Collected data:

━━━━━━━━━━━━━━━━━━━━━━━━━━━━━━

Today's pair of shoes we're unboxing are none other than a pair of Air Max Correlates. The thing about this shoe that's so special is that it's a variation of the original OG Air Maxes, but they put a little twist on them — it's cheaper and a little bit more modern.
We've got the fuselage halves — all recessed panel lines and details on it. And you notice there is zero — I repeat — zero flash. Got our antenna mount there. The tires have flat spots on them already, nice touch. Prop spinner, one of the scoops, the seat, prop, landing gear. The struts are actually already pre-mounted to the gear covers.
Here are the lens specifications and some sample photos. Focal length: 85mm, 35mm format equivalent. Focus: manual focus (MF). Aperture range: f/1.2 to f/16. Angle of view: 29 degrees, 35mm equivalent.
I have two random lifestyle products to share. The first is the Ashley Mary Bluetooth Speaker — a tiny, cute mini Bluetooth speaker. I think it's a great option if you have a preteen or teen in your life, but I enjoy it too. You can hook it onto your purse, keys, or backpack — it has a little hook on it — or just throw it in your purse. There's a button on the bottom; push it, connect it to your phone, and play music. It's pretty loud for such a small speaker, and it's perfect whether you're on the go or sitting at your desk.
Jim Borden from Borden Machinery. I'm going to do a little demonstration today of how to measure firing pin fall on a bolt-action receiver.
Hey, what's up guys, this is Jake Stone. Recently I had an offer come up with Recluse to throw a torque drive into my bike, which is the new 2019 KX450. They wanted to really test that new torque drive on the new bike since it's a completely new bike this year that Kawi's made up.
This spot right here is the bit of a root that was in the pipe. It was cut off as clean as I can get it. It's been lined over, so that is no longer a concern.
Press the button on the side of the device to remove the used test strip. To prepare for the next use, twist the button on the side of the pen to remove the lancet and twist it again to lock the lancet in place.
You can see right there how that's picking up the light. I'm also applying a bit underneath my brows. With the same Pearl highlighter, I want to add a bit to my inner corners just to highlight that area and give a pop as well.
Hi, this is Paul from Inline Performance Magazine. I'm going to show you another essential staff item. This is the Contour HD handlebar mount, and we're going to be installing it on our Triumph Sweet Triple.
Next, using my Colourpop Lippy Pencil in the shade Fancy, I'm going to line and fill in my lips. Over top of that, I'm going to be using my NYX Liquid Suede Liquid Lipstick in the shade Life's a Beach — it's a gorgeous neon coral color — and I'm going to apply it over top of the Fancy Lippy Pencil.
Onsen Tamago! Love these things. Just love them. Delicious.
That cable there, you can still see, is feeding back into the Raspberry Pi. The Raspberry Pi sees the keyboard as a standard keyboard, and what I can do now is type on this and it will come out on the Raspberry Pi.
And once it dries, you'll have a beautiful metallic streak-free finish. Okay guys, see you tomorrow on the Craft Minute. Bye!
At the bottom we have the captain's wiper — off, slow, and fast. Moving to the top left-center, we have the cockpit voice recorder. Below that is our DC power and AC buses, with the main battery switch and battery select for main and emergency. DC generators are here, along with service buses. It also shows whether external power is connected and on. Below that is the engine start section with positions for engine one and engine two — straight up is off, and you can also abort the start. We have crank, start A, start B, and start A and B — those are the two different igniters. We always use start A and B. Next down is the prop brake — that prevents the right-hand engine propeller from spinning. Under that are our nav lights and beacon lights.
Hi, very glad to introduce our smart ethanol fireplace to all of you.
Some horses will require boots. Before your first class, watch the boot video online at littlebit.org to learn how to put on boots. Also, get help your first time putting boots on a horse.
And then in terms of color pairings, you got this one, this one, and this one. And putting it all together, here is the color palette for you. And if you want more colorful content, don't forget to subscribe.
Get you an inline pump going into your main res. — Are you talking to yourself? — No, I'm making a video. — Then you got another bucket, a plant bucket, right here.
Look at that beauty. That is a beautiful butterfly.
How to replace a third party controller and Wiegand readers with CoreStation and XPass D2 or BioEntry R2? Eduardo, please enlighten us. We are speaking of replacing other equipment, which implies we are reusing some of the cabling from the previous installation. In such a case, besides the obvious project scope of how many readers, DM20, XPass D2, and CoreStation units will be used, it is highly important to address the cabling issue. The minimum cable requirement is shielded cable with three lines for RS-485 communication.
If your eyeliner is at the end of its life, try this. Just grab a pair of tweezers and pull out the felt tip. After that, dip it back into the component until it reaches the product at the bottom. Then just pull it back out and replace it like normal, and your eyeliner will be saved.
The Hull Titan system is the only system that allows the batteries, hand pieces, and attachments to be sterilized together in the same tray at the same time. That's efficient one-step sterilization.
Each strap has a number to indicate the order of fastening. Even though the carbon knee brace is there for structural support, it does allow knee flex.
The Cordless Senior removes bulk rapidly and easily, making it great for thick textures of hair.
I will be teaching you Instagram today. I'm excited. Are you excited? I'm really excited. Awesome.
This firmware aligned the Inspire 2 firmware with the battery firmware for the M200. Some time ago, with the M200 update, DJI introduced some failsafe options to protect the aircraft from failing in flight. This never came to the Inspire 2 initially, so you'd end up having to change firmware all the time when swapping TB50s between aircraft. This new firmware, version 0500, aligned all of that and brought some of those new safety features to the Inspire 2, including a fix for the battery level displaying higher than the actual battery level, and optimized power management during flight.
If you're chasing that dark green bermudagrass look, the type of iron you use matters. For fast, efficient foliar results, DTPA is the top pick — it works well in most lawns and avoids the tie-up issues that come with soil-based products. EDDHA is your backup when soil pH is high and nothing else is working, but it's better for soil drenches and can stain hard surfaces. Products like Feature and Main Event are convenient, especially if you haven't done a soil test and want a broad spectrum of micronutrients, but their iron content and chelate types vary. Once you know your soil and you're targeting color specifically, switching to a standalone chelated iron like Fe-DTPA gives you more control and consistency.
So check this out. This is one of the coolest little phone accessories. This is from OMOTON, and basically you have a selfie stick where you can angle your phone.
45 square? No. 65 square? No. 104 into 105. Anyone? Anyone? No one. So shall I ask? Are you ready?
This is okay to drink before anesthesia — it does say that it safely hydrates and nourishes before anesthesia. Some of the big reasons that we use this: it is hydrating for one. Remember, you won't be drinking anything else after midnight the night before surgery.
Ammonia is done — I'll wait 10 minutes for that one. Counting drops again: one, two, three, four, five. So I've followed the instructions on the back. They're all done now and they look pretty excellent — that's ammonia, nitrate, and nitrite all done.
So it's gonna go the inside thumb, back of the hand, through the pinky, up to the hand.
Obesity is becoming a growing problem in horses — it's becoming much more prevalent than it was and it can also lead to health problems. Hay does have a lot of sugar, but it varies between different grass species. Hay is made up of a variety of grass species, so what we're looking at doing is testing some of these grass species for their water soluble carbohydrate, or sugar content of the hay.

━━━━━━━━━━━━━━━━━━━━━━━━━━━━━━

Exercise brief: All records are to be printed again, exactly and completely.

Exercise answer:
Today's pair of shoes we're unboxing are none other than a pair of Air Max Correlates. The thing about this shoe that's so special is that it's a variation of the original OG Air Maxes, but they put a little twist on them — it's cheaper and a little bit more modern.
We've got the fuselage halves — all recessed panel lines and details on it. And you notice there is zero — I repeat — zero flash. Got our antenna mount there. The tires have flat spots on them already, nice touch. Prop spinner, one of the scoops, the seat, prop, landing gear. The struts are actually already pre-mounted to the gear covers.
Here are the lens specifications and some sample photos. Focal length: 85mm, 35mm format equivalent. Focus: manual focus (MF). Aperture range: f/1.2 to f/16. Angle of view: 29 degrees, 35mm equivalent.
I have two random lifestyle products to share. The first is the Ashley Mary Bluetooth Speaker — a tiny, cute mini Bluetooth speaker. I think it's a great option if you have a preteen or teen in your life, but I enjoy it too. You can hook it onto your purse, keys, or backpack — it has a little hook on it — or just throw it in your purse. There's a button on the bottom; push it, connect it to your phone, and play music. It's pretty loud for such a small speaker, and it's perfect whether you're on the go or sitting at your desk.
Jim Borden from Borden Machinery. I'm going to do a little demonstration today of how to measure firing pin fall on a bolt-action receiver.
Hey, what's up guys, this is Jake Stone. Recently I had an offer come up with Recluse to throw a torque drive into my bike, which is the new 2019 KX450. They wanted to really test that new torque drive on the new bike since it's a completely new bike this year that Kawi's made up.
This spot right here is the bit of a root that was in the pipe. It was cut off as clean as I can get it. It's been lined over, so that is no longer a concern.
Press the button on the side of the device to remove the used test strip. To prepare for the next use, twist the button on the side of the pen to remove the lancet and twist it again to lock the lancet in place.
You can see right there how that's picking up the light. I'm also applying a bit underneath my brows. With the same Pearl highlighter, I want to add a bit to my inner corners just to highlight that area and give a pop as well.
Hi, this is Paul from Inline Performance Magazine. I'm going to show you another essential staff item. This is the Contour HD handlebar mount, and we're going to be installing it on our Triumph Sweet Triple.
Next, using my Colourpop Lippy Pencil in the shade Fancy, I'm going to line and fill in my lips. Over top of that, I'm going to be using my NYX Liquid Suede Liquid Lipstick in the shade Life's a Beach — it's a gorgeous neon coral color — and I'm going to apply it over top of the Fancy Lippy Pencil.
Onsen Tamago! Love these things. Just love them. Delicious.
That cable there, you can still see, is feeding back into the Raspberry Pi. The Raspberry Pi sees the keyboard as a standard keyboard, and what I can do now is type on this and it will come out on the Raspberry Pi.
And once it dries, you'll have a beautiful metallic streak-free finish. Okay guys, see you tomorrow on the Craft Minute. Bye!
At the bottom we have the captain's wiper — off, slow, and fast. Moving to the top left-center, we have the cockpit voice recorder. Below that is our DC power and AC buses, with the main battery switch and battery select for main and emergency. DC generators are here, along with service buses. It also shows whether external power is connected and on. Below that is the engine start section with positions for engine one and engine two — straight up is off, and you can also abort the start. We have crank, start A, start B, and start A and B — those are the two different igniters. We always use start A and B. Next down is the prop brake — that prevents the right-hand engine propeller from spinning. Under that are our nav lights and beacon lights.
Hi, very glad to introduce our smart ethanol fireplace to all of you.
Some horses will require boots. Before your first class, watch the boot video online at littlebit.org to learn how to put on boots. Also, get help your first time putting boots on a horse.
And then in terms of color pairings, you got this one, this one, and this one. And putting it all together, here is the color palette for you. And if you want more colorful content, don't forget to subscribe.
Get you an inline pump going into your main res. — Are you talking to yourself? — No, I'm making a video. — Then you got another bucket, a plant bucket, right here.
Look at that beauty. That is a beautiful butterfly.
How to replace a third party controller and Wiegand readers with CoreStation and XPass D2 or BioEntry R2? Eduardo, please enlighten us. We are speaking of replacing other equipment, which implies we are reusing some of the cabling from the previous installation. In such a case, besides the obvious project scope of how many readers, DM20, XPass D2, and CoreStation units will be used, it is highly important to address the cabling issue. The minimum cable requirement is shielded cable with three lines for RS-485 communication.
If your eyeliner is at the end of its life, try this. Just grab a pair of tweezers and pull out the felt tip. After that, dip it back into the component until it reaches the product at the bottom. Then just pull it back out and replace it like normal, and your eyeliner will be saved.
The Hull Titan system is the only system that allows the batteries, hand pieces, and attachments to be sterilized together in the same tray at the same time. That's efficient one-step sterilization.
Each strap has a number to indicate the order of fastening. Even though the carbon knee brace is there for structural support, it does allow knee flex.
The Cordless Senior removes bulk rapidly and easily, making it great for thick textures of hair.
I will be teaching you Instagram today. I'm excited. Are you excited? I'm really excited. Awesome.
This firmware aligned the Inspire 2 firmware with the battery firmware for the M200. Some time ago, with the M200 update, DJI introduced some failsafe options to protect the aircraft from failing in flight. This never came to the Inspire 2 initially, so you'd end up having to change firmware all the time when swapping TB50s between aircraft. This new firmware, version 0500, aligned all of that and brought some of those new safety features to the Inspire 2, including a fix for the battery level displaying higher than the actual battery level, and optimized power management during flight.
If you're chasing that dark green bermudagrass look, the type of iron you use matters. For fast, efficient foliar results, DTPA is the top pick — it works well in most lawns and avoids the tie-up issues that come with soil-based products. EDDHA is your backup when soil pH is high and nothing else is working, but it's better for soil drenches and can stain hard surfaces. Products like Feature and Main Event are convenient, especially if you haven't done a soil test and want a broad spectrum of micronutrients, but their iron content and chelate types vary. Once you know your soil and you're targeting color specifically, switching to a standalone chelated iron like Fe-DTPA gives you more control and consistency.
So check this out. This is one of the coolest little phone accessories. This is from OMOTON, and basically you have a selfie stick where you can angle your phone.
45 square? No. 65 square? No. 104 into 105. Anyone? Anyone? No one. So shall I ask? Are you ready?
This is okay to drink before anesthesia — it does say that it safely hydrates and nourishes before anesthesia. Some of the big reasons that we use this: it is hydrating for one. Remember, you won't be drinking anything else after midnight the night before surgery.
Ammonia is done — I'll wait 10 minutes for that one. Counting drops again: one, two, three, four, five. So I've followed the instructions on the back. They're all done now and they look pretty excellent — that's ammonia, nitrate, and nitrite all done.
So it's gonna go the inside thumb, back of the hand, through the pinky, up to the hand.
Obesity is becoming a growing problem in horses — it's becoming much more prevalent than it was and it can also lead to health problems. Hay does have a lot of sugar, but it varies between different grass species. Hay is made up of a variety of grass species, so what we're looking at doing is testing some of these grass species for their water soluble carbohydrate, or sugar content of the hay.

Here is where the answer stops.